Task directions:
How many lines of these entries hold the string "Tops"? Reply with the number alone.

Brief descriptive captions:
--- START ---
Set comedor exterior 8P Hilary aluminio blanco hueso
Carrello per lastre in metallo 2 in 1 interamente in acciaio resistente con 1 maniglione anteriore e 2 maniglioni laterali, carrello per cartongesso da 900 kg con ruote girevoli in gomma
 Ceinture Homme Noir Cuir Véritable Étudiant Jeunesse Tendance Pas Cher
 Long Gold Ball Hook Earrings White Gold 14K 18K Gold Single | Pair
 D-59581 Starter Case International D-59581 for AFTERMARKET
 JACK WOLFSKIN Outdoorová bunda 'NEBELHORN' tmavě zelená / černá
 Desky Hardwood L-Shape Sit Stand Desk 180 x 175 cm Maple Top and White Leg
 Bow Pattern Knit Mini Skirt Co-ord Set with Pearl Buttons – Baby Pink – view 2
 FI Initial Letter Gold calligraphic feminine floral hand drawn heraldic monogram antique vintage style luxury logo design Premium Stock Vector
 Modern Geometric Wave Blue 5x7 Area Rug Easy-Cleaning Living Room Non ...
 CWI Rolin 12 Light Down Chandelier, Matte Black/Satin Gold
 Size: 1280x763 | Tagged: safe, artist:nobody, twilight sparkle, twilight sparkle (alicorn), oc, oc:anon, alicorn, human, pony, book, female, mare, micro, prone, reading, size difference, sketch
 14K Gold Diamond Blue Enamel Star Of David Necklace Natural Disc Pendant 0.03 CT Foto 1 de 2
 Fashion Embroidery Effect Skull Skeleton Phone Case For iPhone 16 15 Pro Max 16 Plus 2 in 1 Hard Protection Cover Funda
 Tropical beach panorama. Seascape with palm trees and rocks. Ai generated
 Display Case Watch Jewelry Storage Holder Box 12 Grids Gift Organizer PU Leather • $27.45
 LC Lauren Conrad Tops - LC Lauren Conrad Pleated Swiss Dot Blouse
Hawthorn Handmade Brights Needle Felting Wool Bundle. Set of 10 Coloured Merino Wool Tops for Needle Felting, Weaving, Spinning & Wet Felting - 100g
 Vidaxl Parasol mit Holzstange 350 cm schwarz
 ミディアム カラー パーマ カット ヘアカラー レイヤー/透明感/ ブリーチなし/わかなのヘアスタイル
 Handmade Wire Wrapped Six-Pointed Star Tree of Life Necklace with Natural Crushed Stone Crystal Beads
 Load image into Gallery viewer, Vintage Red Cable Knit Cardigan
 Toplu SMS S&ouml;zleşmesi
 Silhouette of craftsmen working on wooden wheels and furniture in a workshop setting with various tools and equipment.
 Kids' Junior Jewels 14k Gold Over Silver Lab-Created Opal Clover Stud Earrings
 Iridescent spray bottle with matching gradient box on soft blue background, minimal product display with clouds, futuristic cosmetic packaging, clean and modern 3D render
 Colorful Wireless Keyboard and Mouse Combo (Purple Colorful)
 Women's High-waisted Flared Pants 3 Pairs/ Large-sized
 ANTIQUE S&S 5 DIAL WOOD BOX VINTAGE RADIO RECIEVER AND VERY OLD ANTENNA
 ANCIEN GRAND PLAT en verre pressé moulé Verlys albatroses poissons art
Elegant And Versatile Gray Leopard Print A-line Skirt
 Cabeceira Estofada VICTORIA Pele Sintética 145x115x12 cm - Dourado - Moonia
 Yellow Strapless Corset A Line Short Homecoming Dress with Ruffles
--- END ---
Final answer:
2